Captioned web image data
*-*-*
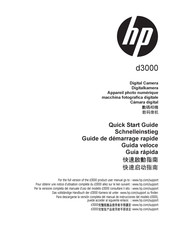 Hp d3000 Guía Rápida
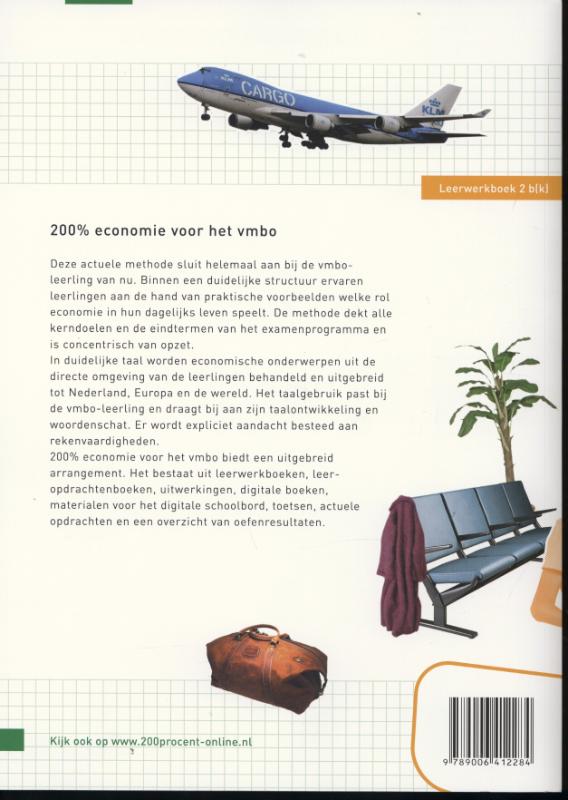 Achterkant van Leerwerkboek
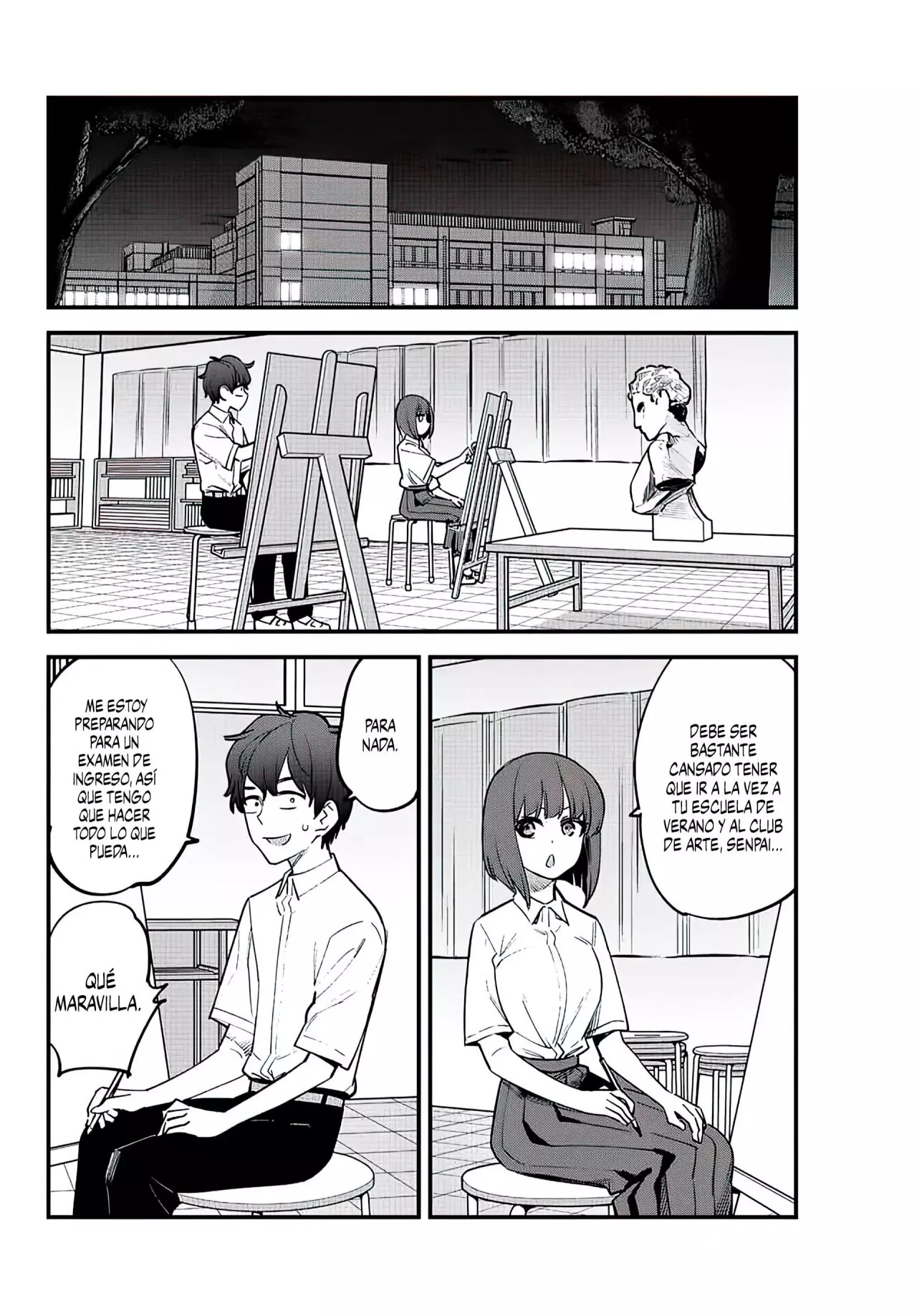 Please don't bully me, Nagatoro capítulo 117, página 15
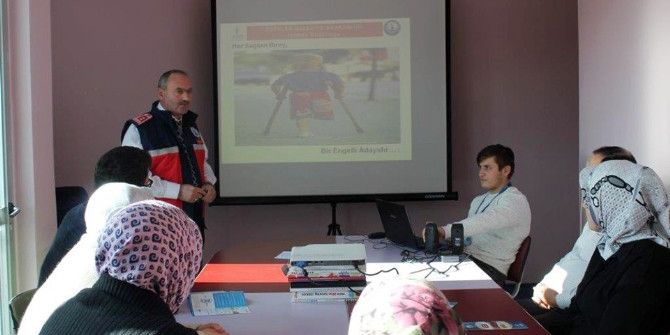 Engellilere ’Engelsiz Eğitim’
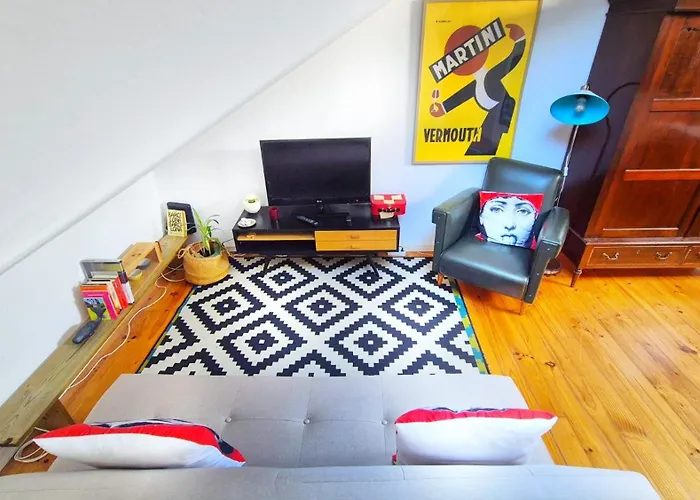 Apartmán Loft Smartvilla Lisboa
*-*-*
▶ _TRY IT_
The line containing "Achterkant van Leerwerkboek" and every line after it, through the end of the data, are to be output exactly. Omit the pictures.

▶ _SOLUTION TO THE PROBLEM_
 Achterkant van Leerwerkboek
 Please don't bully me, Nagatoro capítulo 117, página 15
 Engellilere ’Engelsiz Eğitim’
 Apartmán Loft Smartvilla Lisboa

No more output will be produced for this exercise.